Patterns From Five Years in Blockchain
/ 11 min read
After five years in blockchain, the projects blur less by token, chain, or product category than by the boundary they forced me to reason about.
The NFT game, the rental protocol, and Hypersea were application-level systems on EVM chains. Axelar-Solana was a cross-chain port where the security model stayed recognizable, but the transaction shape had to change completely. Irys was a protocol client problem: storage, consensus, execution, pricing, and data movement all had to agree under fork choice.
The visible work changed from NFT reveals to Solana packets to Programmable Data. The recurring question did not: which system is responsible for this fact, and how does every other system learn it without inventing a slightly different version?
What proficiency actually means
Being good at blockchain engineering is not a separate species of engineering. It starts with ordinary backend competence: designing APIs people can use, maintaining services that survive production traffic, writing SDKs that hide the right complexity, and building systems that other engineers can integrate without becoming protocol experts by accident.
Then the constraint stack gets taller.
You need to be comfortable in complex build systems where the same codebase may target a server, a browser, a smart-contract VM, a zkVM guest, or an embedded runtime with different assumptions. You need enough distributed-systems taste to reason about propagation, retries, fork choice, mempools, availability, and partial failure. You need enough networking intuition to know when bytes, latency, and peer behavior stop being performance details and start affecting consensus health.

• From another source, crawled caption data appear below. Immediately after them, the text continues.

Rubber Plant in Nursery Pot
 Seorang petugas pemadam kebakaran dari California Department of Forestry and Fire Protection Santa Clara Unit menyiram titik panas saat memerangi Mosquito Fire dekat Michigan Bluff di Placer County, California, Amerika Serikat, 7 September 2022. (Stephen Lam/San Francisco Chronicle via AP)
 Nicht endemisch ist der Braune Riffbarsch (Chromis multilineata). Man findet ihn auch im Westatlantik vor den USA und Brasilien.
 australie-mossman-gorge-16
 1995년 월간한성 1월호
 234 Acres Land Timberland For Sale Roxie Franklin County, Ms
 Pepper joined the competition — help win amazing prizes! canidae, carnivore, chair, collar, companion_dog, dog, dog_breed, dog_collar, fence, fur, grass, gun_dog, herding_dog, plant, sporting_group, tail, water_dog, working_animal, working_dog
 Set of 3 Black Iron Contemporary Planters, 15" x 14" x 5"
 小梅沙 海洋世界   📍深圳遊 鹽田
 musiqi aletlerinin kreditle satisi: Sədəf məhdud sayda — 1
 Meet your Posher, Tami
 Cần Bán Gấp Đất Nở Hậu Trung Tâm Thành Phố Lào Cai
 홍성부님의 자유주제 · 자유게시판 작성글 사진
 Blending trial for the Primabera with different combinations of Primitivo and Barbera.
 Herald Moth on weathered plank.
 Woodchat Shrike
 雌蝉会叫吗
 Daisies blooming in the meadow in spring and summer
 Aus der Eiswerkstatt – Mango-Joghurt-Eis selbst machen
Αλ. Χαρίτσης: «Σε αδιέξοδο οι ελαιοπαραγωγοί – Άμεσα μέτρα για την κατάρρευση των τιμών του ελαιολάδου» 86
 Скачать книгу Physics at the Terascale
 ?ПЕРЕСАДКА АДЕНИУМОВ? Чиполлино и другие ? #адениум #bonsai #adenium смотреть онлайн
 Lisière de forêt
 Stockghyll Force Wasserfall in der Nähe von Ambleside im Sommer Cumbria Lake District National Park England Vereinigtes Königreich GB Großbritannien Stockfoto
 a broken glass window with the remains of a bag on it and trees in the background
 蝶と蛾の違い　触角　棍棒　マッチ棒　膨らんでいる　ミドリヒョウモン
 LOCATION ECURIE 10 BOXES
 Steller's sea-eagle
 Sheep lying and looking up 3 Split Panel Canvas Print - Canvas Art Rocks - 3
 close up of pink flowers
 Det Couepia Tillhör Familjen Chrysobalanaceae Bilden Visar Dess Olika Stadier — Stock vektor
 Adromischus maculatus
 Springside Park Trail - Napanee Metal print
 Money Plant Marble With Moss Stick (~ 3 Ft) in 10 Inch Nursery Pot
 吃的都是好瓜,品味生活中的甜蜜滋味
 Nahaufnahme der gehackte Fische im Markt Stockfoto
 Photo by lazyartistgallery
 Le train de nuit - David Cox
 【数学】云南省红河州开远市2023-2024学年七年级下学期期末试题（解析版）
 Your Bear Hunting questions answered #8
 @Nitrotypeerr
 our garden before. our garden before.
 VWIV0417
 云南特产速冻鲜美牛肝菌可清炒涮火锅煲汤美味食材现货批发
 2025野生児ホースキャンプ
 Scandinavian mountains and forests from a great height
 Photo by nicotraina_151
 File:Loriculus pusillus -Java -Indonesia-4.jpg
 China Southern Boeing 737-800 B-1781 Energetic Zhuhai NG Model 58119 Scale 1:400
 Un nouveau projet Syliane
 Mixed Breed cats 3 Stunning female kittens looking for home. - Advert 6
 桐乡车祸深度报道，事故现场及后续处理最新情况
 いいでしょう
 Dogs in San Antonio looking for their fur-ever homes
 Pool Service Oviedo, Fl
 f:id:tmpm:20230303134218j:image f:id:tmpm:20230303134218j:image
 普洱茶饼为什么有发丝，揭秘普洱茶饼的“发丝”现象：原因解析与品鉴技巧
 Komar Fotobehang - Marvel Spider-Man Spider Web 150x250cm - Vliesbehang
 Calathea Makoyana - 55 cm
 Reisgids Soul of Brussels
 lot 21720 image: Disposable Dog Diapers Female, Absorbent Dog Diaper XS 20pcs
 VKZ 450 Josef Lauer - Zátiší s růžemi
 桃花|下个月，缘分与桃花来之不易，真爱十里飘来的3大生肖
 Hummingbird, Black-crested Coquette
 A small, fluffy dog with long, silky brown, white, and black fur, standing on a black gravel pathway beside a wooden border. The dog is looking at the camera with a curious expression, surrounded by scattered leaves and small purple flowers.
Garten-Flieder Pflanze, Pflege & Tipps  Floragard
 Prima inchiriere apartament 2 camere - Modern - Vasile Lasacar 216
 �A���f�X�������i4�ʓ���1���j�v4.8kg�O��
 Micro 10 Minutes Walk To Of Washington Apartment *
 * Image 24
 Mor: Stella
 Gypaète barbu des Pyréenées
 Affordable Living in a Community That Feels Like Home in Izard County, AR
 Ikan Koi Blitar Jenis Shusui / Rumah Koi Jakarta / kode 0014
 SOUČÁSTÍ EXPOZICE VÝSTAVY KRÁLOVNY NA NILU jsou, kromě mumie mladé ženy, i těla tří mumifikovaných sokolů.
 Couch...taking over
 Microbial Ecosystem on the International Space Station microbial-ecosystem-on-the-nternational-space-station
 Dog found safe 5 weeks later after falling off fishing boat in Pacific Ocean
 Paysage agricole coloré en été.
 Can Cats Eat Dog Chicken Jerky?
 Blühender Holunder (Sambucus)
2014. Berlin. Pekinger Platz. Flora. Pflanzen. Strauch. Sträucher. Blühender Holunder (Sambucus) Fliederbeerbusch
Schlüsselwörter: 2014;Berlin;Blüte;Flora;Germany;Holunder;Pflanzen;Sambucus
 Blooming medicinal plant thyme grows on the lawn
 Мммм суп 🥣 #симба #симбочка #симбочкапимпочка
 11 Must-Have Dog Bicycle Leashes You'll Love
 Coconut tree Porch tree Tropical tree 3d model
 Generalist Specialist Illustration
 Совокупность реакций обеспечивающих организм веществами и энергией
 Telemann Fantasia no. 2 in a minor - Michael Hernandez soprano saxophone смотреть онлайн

You also need to understand the machines your code runs on. Sometimes that means EVM opcodes, gas accounting, ABI encoding, and precompile behavior. Sometimes it means Solana account layouts, eBPF constraints, and CPI rules. Sometimes it means proving execution inside a RISC-V zkVM and accepting that the guest will not give you the same observability as the host.
Cryptography matters, but usually in the applied engineering sense: signatures, hash functions, Merkle commitments, proof verification, domain separation, and the exact bytes being signed or proven. Financial incentives matter too. A protocol can be technically valid and still fragile if fees, rewards, MEV, validator behavior, or user incentives push actors toward the wrong equilibrium.
That combination is what makes the work hard. Blockchain engineering is backend engineering under adversarial replication, scarce execution budgets, awkward VMs, cryptographic boundaries, financial incentives, and unusually expensive disagreement.
Key concepts
Invariant
A property the system must preserve across all valid executions. In these posts, the important invariants were usually cross-boundary: the signed bytes match the verified bytes, the approved payload matches the executed payload, the consensus fee rule matches the EVM balance update, or the indexer’s view can be derived from contract state.
Boundary
The place where one subsystem hands responsibility to another: wallet to contract, relayer to Gateway, consensus to execution, storage layer to precompile, off-chain service to on-chain verifier. Most serious bugs appeared where a boundary was underspecified.
Bytes are protocol
I keep coming back to bytes because the systems kept punishing every attempt to treat encoding as an implementation detail.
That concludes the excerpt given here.